Kathleen read from his mother’s journal, “Albert died. I know the thought of what had happened tormented him day in and day out. He couldn’t take it anymore. But I have to be strong. I have to be strong for my children. I have to hope that God can forgive us all.”
She shut the notebook. John found himself sobbing, crying for all the lost hope, for the loss of his sister’s sanity, for the broken family and for the boy that deserved to die. He cried for Elka, mostly, because it hadn’t been her fault. She was lead astray, she’d been fooled by this boy, this boy that he now had a name for: James O’Neill. James O’Neill was the boy in the grave and he was brother of the man who’d come to the house looking for answers and money. James O’Neill caused all of this, quite possibly because he saw Elka as his own way to normal. If only… No. There was no need to go down that path. What was done was done. It was best to let it lie.
Kathleen came over and sat beside him, taking him into her arms. “Shh, honey, shh…”
“Oh, God,” h
e said. “How could I have hurt her after she’d been through that?”
“Shh,” she said. “It’s okay. I love you. Shh…”
“How can you love me after this?” he asked, pulling away.
“I’ll never stop loving you, John,” she said with such sincerity it broke his heart.
“Yes, you will,” he told her, hoping to match her sincerity. “And it’s fine if you do. You gave me the best six years of my life. I was the happiest man alive. Most men don’t get what I had. You’ll never know how much it means to me.”
“That’s just silly,” she said. “It’s just silly to talk like that.”
“I could have done better,” he said and stood up. “I could have done better by her.”
“You did the best you could,” she said.
“You know that man that came by a few years ago?” he asked. “That Amos O’Neill? He said Elka killed his brother. He said his name was James. James was the one who… You know.”

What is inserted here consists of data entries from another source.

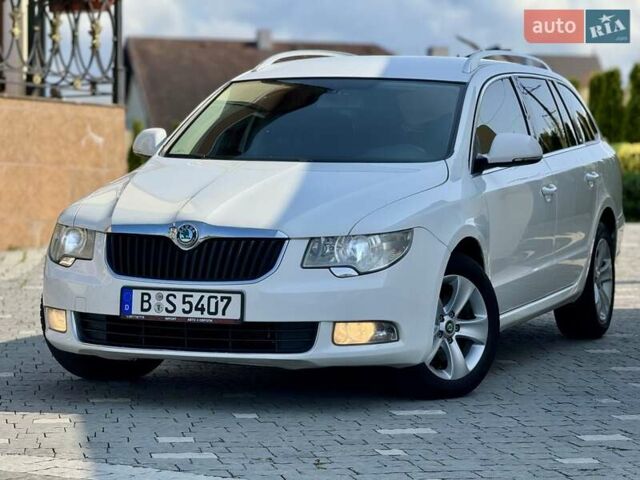 Білий Шкода Суперб, об'ємом двигуна 2 л та пробігом 305 тис. км за 9350 $, фото 17 на Automoto.ua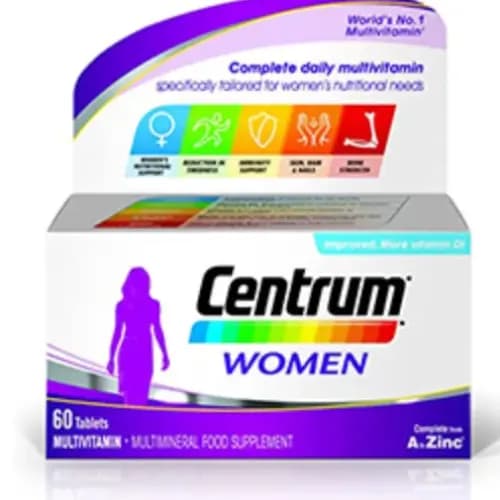 Centrum Multivitamin For Women Tablets 60 Pieces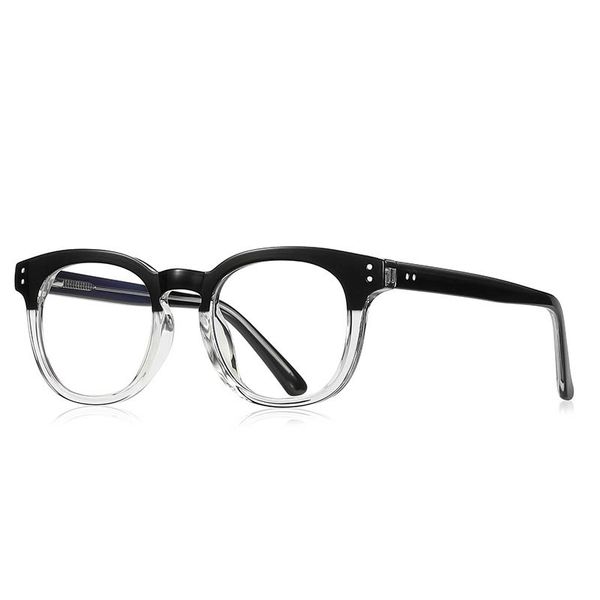 fashion women rivets sunglasses frames oval eyes tr90 frame with rod legs and spring hinge, Black
fashion women rivets sunglasses frames oval eyes tr90 frame with rod legs and spring hinge, Black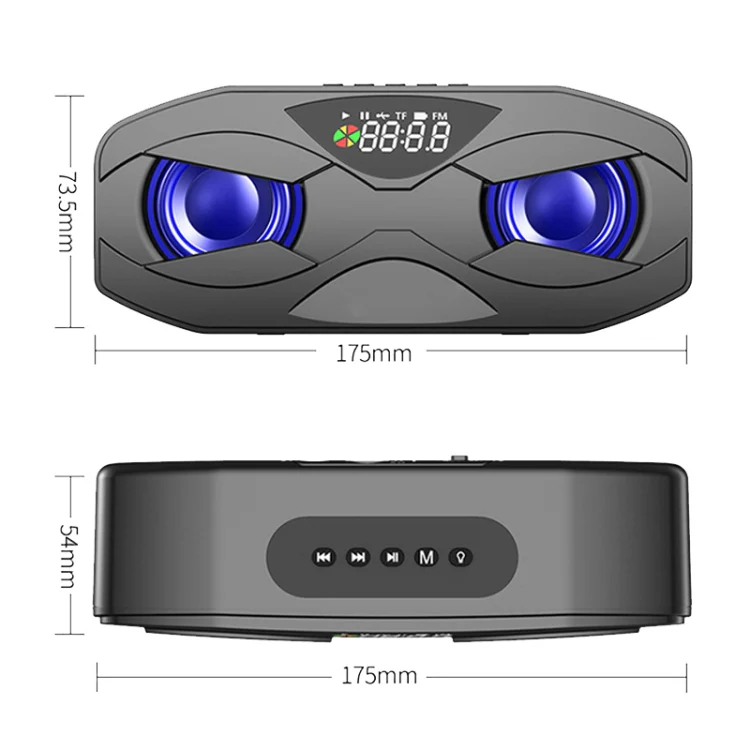 M5 Portable 6D Surround Sound Digital Display Bluetooth Speaker(Pink) - Image 3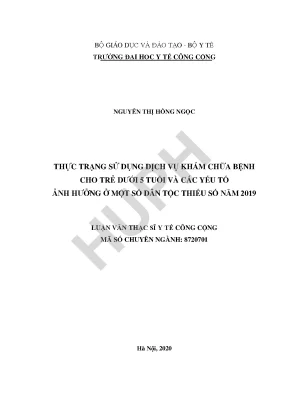 Thực Trạng Sử Dụng Dịch Vụ Khám Chữa Bệnh Cho Trẻ Dưới 5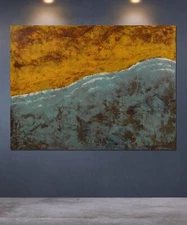 Mark Little original Seascape Painting 81” X 62” Abstract,Modern, Pop XL Canvase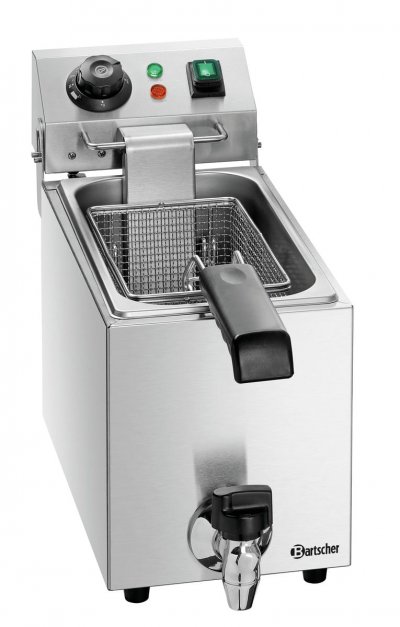 BARTSCHER Friteuse Professionnelle Snack I Plus - 2,5 Litres - - - Acier inoxydable2,5 200x530x340mm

“I know,” she said. “I listened outside the door.”
He stared at her.
“The man looked troubled,” she said. “I felt bad for him. I wanted to see what he wanted.”
“If you knew all this,” he said. “Why did you make such a big deal yesterday?”

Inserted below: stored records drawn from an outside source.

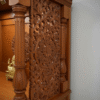 Latest South Indian Temple Design for Home – Handcrafted Teak Wood Mandir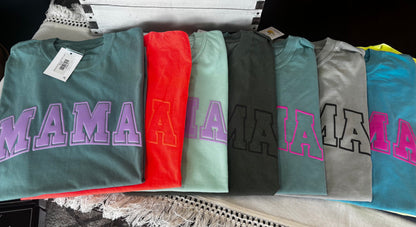 Mystery Mama Puffy Print Comfort Color Tee Deal
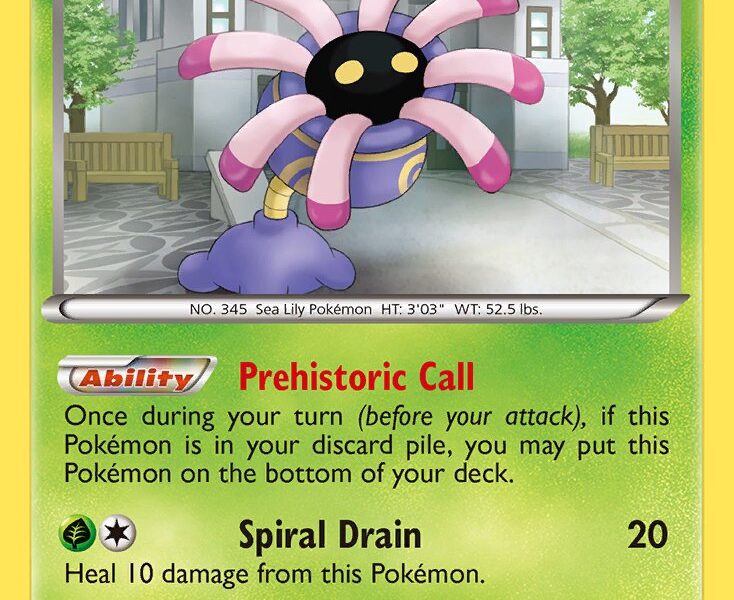 Lileep Pokemon Kaart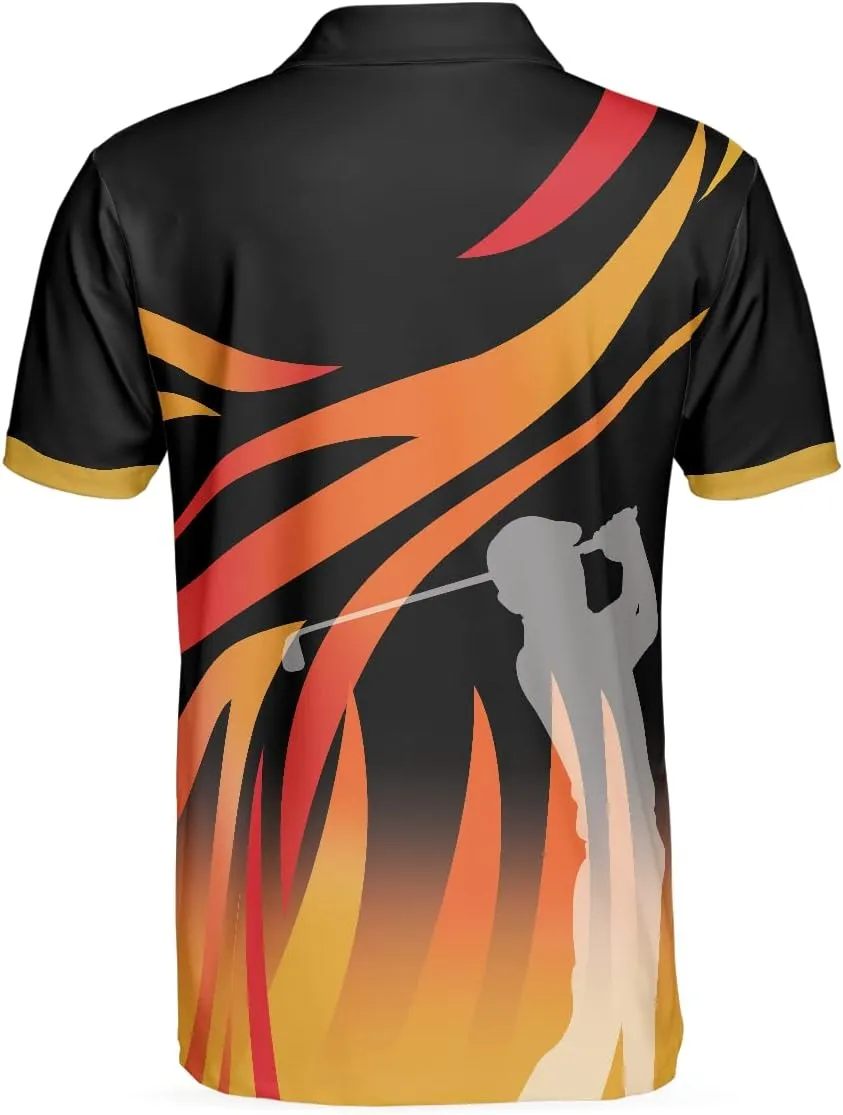 HYPERFAVOR Golf Shirts for Men- Quick-Dry Golf Polo Shirts- Smart Mens Golf Shirt Short Sleeve for Men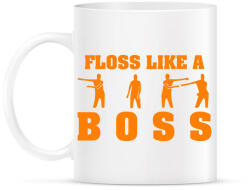 printfashion Floss like a boss - Bögre - Fehér (2312322)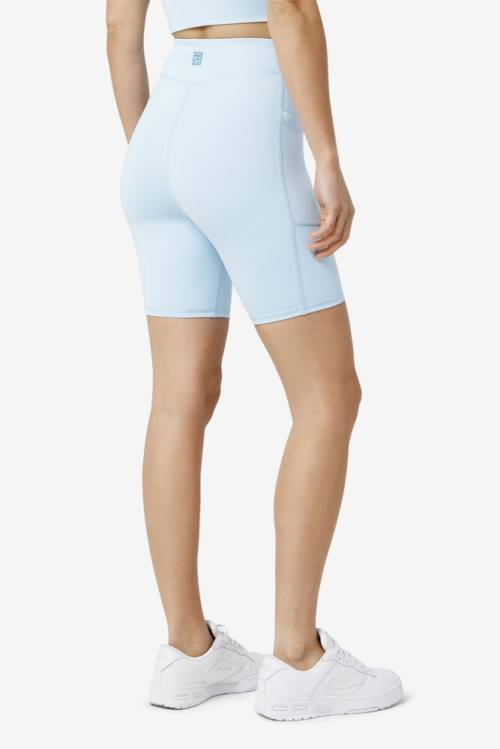 Pantalones Cortos Fila Tiana Bike Mujer Azules | Fila315UC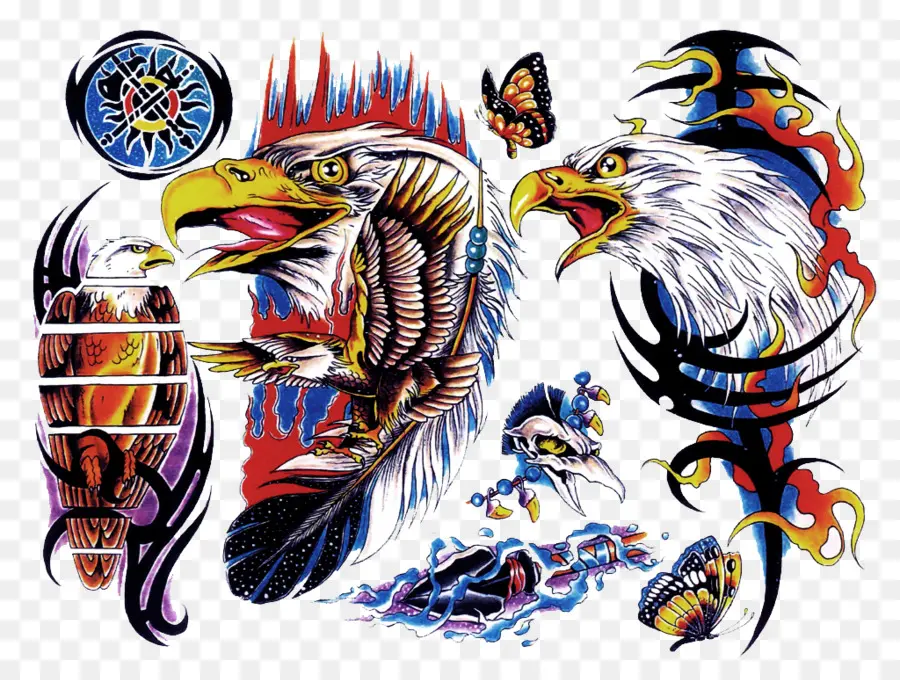 Tatuajes De Águila，Pájaro PNG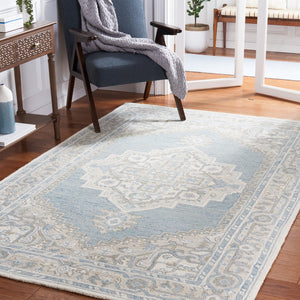 Safavieh Metro 615 Hand Tufted Wool and Cotton with Latex Rug MET615K-8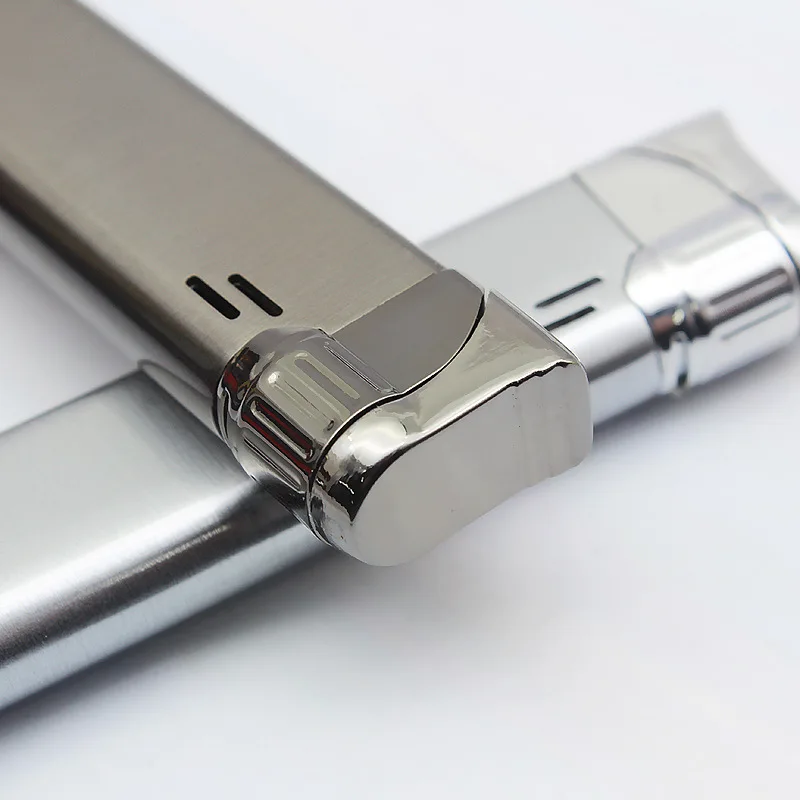 Индивидуальная Мода для мужчин и женщин длинная полоса ветрозащитная Зажигалка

“I thought Elka was in an institution, John,” she said. “And when I realized what had really happened, it did upset me. I thought I was going out of my mind or something.”

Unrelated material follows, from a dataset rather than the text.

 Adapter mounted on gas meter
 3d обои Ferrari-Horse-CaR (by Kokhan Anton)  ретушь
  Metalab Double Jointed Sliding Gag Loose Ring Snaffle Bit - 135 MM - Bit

He nodded. Everyone went a little crazy sometimes, didn’t they? It’s just the degree of crazy you went to that mattered. He knew everyone was capable of it at some time. But then again, hadn’t it really been an accident? He knew it had and he was sorry he’d handled it the way he had. He should have just taken responsibility for it and done the right thing. But sometimes the right thing was the hardest thing in the world to do. There was sacrifice in the right thing, there were a lot of tears in it and there was pain. But in the end, it’s worth all that because you can look back and always said, “I did the right thing.”
He knew that eventually things would go back to “normal” and he probably wouldn’t be charged with anything concerning Elka’s death, or the boy she’d killed. He wouldn’t go to jail or do any time mainly because of who he was and the number of people he employed. It wasn’t exactly fair but it was the way it was. Being a prominent citizen did have its perks.